# Task data:
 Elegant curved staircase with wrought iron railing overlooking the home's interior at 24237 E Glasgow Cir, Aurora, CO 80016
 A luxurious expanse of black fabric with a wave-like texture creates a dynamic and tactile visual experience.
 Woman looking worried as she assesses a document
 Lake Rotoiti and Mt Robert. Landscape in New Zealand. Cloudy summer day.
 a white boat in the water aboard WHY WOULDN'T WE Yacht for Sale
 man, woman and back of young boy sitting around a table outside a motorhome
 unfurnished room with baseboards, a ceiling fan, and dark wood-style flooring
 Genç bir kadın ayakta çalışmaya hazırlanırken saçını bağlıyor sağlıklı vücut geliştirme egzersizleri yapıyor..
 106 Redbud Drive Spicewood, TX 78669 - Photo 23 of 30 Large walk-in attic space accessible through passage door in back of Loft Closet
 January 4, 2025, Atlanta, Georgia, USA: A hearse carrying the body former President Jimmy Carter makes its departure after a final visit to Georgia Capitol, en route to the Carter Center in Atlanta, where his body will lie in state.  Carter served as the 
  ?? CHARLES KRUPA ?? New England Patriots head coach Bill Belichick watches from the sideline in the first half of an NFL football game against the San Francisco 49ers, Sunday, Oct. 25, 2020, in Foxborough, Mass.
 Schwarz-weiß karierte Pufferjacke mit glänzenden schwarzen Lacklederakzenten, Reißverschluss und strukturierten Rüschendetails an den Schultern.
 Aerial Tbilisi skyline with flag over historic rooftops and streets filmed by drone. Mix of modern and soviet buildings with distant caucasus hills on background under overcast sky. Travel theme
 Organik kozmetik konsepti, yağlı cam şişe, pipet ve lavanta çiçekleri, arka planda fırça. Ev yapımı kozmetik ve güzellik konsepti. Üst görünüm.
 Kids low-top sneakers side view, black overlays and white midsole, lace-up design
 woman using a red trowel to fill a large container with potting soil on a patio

# Problem statement:
Beginning at the top of the entries above, output each line exactly, and end with the line in which "Genç bir kadın" appears.

# Expected answer:
 Elegant curved staircase with wrought iron railing overlooking the home's interior at 24237 E Glasgow Cir, Aurora, CO 80016
 A luxurious expanse of black fabric with a wave-like texture creates a dynamic and tactile visual experience.
 Woman looking worried as she assesses a document
 Lake Rotoiti and Mt Robert. Landscape in New Zealand. Cloudy summer day.
 a white boat in the water aboard WHY WOULDN'T WE Yacht for Sale
 man, woman and back of young boy sitting around a table outside a motorhome
 unfurnished room with baseboards, a ceiling fan, and dark wood-style flooring
 Genç bir kadın ayakta çalışmaya hazırlanırken saçını bağlıyor sağlıklı vücut geliştirme egzersizleri yapıyor..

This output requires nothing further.